*Instructions for the task:* Here are the records. Write out exactly the lines between the one holding "Puede incluir: Un" and the one holding "Women's long sleeve", inclusive.
____ Data under study
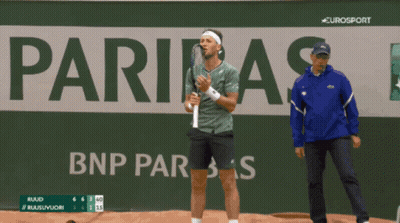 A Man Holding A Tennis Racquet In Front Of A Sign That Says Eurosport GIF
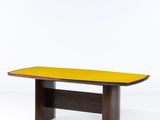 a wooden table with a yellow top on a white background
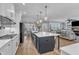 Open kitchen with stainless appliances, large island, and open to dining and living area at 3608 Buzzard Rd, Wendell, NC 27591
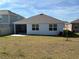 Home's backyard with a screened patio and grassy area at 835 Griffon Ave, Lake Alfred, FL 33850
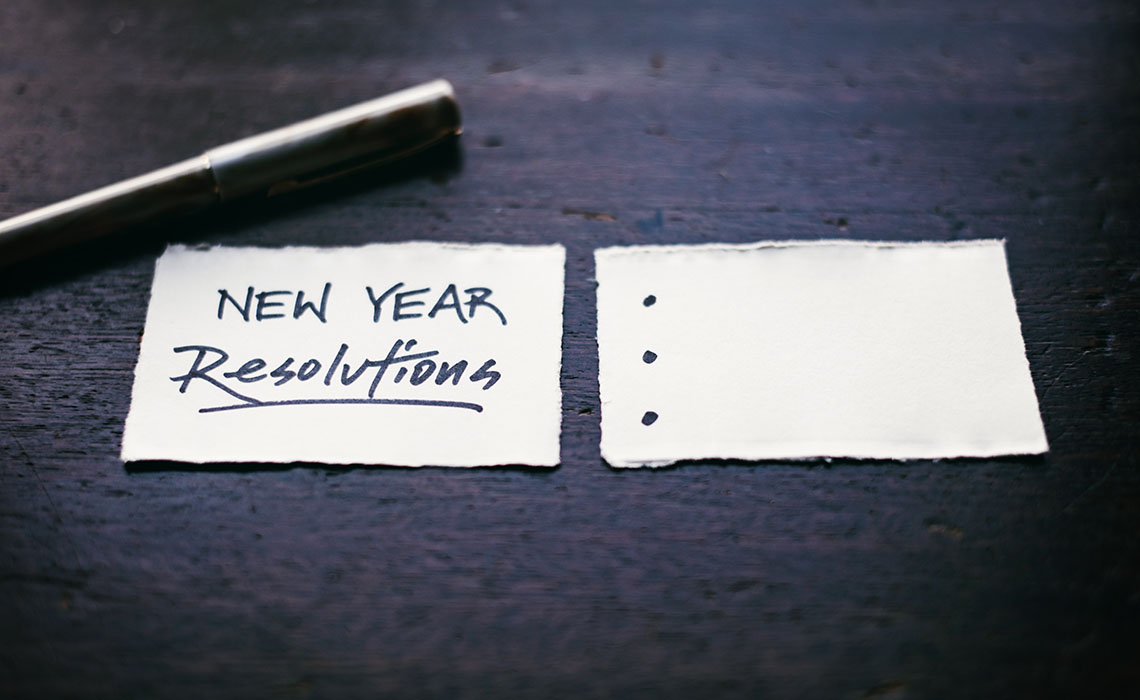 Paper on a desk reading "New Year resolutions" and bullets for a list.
________
____ Data under study
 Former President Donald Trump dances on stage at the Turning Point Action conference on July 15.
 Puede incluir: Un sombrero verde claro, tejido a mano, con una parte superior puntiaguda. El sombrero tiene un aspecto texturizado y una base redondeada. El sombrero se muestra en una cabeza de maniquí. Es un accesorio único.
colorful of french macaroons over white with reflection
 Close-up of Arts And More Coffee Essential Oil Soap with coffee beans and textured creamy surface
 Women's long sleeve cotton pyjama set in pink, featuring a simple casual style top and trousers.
________
*Exercise answer:*
 Puede incluir: Un sombrero verde claro, tejido a mano, con una parte superior puntiaguda. El sombrero tiene un aspecto texturizado y una base redondeada. El sombrero se muestra en una cabeza de maniquí. Es un accesorio único.
colorful of french macaroons over white with reflection
 Close-up of Arts And More Coffee Essential Oil Soap with coffee beans and textured creamy surface
 Women's long sleeve cotton pyjama set in pink, featuring a simple casual style top and trousers.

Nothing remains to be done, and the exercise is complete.